◆ DESCRIPTION OF THE TASK:
Starting with the line that contains "Kylie Jenner a" and stopping after the line that contains "Loly online show from 09-21-25, 02:46", copy the entries below exactly. Include nothing else.

◆ RECORDS TO PROCESS:

——

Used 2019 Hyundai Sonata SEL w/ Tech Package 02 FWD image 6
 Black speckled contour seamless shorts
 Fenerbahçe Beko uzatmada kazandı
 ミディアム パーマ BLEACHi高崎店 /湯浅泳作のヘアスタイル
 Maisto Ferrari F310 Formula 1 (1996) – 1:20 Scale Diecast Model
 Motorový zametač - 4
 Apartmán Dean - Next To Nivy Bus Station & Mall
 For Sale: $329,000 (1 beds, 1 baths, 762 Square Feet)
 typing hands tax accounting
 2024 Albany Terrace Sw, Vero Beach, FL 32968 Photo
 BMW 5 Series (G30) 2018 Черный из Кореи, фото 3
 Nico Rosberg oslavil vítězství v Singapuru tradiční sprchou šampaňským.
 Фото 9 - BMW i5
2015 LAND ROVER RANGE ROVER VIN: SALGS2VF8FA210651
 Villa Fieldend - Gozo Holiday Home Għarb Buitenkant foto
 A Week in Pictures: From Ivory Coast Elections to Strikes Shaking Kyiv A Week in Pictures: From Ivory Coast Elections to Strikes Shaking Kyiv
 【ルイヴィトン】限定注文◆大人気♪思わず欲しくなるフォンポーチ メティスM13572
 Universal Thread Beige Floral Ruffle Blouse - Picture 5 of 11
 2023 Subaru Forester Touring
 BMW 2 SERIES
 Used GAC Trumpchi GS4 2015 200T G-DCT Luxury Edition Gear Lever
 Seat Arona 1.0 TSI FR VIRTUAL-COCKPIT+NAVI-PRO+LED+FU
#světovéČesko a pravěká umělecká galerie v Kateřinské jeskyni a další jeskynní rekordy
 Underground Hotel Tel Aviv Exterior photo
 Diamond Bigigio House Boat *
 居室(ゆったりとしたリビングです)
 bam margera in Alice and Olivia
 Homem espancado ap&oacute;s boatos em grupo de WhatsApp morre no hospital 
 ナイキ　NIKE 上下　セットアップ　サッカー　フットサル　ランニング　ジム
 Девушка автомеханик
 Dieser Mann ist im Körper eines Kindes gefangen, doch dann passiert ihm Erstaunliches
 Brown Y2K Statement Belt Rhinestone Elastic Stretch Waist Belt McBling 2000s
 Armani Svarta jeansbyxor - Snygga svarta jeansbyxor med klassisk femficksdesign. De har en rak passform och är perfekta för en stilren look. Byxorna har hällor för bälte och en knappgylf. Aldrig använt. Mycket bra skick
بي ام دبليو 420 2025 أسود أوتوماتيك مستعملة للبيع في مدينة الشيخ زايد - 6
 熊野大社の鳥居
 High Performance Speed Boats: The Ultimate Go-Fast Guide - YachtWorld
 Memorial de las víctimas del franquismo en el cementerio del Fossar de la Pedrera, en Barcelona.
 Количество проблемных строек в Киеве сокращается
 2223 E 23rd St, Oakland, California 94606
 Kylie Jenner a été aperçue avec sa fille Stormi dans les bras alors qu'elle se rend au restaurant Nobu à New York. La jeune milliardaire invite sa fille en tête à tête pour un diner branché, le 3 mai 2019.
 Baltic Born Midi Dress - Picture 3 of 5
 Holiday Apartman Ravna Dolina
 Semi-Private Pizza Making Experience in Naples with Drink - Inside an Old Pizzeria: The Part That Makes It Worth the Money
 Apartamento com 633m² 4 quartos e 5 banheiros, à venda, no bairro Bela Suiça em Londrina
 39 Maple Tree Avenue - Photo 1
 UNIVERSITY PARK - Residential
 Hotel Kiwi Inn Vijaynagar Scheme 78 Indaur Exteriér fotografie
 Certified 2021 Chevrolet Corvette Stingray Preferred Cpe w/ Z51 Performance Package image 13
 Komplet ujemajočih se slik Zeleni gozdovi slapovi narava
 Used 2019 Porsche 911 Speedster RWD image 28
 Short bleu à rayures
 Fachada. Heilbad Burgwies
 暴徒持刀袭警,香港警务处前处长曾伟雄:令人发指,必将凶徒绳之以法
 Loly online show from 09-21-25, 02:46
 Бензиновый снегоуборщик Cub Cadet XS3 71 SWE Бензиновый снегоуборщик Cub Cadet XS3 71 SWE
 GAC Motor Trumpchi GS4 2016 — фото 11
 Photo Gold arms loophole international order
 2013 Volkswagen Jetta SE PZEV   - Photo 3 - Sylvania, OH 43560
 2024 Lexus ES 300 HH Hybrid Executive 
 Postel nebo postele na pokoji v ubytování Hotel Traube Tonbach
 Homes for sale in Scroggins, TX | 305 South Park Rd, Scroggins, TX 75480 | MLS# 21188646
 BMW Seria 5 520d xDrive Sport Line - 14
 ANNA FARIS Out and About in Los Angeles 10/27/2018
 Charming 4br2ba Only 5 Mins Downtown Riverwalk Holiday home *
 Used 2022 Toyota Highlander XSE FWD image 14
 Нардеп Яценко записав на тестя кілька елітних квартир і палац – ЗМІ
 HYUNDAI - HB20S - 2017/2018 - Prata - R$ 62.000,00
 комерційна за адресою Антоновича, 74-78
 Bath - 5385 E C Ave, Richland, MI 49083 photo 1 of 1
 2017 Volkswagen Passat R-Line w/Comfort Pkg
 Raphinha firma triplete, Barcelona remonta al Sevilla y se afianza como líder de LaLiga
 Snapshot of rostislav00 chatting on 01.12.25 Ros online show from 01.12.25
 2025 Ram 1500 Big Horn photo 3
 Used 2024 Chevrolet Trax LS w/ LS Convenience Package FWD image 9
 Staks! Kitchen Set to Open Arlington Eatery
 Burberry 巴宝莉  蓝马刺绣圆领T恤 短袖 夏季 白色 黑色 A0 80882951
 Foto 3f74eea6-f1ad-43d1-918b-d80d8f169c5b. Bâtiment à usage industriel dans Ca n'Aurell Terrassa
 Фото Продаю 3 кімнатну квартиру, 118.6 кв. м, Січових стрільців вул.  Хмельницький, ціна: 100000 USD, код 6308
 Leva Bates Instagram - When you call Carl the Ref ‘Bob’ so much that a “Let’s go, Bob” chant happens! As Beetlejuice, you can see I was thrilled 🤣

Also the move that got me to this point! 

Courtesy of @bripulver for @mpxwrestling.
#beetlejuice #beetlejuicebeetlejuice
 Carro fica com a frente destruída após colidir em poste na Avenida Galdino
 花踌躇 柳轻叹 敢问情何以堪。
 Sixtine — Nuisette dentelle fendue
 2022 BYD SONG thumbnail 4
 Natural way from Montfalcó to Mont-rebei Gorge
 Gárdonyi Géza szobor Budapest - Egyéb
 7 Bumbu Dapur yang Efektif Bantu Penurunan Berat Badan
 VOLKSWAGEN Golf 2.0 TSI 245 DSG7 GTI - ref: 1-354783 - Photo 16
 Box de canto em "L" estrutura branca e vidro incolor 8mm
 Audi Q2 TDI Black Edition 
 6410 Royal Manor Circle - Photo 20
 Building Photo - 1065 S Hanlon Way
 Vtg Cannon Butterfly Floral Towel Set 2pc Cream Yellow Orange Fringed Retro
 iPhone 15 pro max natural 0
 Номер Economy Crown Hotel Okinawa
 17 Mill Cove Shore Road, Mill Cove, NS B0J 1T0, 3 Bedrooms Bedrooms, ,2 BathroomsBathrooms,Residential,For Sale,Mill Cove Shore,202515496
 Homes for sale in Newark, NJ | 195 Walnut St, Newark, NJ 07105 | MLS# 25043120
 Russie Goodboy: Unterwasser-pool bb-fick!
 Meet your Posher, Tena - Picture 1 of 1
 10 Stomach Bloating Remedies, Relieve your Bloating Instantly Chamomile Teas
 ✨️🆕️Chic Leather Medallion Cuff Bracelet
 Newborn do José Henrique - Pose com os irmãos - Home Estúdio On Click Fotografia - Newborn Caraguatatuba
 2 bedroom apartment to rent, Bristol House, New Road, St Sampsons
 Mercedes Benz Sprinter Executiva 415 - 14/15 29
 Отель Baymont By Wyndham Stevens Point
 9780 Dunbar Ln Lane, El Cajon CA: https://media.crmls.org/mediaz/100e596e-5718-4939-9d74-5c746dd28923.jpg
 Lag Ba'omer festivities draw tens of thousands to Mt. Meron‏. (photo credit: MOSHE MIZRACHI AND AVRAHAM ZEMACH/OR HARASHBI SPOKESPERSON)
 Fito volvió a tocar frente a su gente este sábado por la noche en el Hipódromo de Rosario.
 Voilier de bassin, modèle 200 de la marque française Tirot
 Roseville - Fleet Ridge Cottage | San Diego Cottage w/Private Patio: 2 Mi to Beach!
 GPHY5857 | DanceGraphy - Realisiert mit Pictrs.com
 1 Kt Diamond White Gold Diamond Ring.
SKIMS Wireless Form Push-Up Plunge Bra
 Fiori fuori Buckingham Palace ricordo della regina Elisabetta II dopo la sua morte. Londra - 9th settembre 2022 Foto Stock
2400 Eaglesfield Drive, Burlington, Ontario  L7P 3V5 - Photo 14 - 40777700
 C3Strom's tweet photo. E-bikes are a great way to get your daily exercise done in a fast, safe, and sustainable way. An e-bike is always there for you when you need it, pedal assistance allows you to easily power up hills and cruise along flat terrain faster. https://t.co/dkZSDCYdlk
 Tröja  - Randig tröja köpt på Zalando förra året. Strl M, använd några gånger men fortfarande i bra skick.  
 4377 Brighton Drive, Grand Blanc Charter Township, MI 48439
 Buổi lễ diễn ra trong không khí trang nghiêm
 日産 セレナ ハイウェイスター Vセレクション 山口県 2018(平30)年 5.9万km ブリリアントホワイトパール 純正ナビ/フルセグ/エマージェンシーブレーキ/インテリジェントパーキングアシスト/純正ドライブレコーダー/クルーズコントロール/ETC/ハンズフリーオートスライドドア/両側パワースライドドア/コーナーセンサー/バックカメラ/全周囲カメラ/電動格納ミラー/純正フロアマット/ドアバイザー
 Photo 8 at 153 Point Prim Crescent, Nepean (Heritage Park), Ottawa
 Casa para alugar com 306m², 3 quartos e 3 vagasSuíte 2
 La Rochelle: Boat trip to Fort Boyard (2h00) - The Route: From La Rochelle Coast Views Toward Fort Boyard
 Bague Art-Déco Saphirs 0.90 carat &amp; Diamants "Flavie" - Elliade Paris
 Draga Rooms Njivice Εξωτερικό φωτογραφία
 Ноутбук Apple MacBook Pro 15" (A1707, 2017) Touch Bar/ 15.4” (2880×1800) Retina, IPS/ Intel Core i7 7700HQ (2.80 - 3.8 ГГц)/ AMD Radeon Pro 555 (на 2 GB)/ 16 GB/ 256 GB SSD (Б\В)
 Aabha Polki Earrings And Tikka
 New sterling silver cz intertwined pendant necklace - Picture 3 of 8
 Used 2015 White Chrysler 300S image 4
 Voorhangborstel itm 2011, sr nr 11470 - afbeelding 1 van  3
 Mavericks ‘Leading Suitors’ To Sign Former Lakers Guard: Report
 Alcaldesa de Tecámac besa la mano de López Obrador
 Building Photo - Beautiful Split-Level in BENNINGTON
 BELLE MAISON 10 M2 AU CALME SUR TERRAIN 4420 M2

——

◆ ANSWER TO THIS EXERCISE:
 Kylie Jenner a été aperçue avec sa fille Stormi dans les bras alors qu'elle se rend au restaurant Nobu à New York. La jeune milliardaire invite sa fille en tête à tête pour un diner branché, le 3 mai 2019.
 Baltic Born Midi Dress - Picture 3 of 5
 Holiday Apartman Ravna Dolina
 Semi-Private Pizza Making Experience in Naples with Drink - Inside an Old Pizzeria: The Part That Makes It Worth the Money
 Apartamento com 633m² 4 quartos e 5 banheiros, à venda, no bairro Bela Suiça em Londrina
 39 Maple Tree Avenue - Photo 1
 UNIVERSITY PARK - Residential
 Hotel Kiwi Inn Vijaynagar Scheme 78 Indaur Exteriér fotografie
 Certified 2021 Chevrolet Corvette Stingray Preferred Cpe w/ Z51 Performance Package image 13
 Komplet ujemajočih se slik Zeleni gozdovi slapovi narava
 Used 2019 Porsche 911 Speedster RWD image 28
 Short bleu à rayures
 Fachada. Heilbad Burgwies
 暴徒持刀袭警,香港警务处前处长曾伟雄:令人发指,必将凶徒绳之以法
 Loly online show from 09-21-25, 02:46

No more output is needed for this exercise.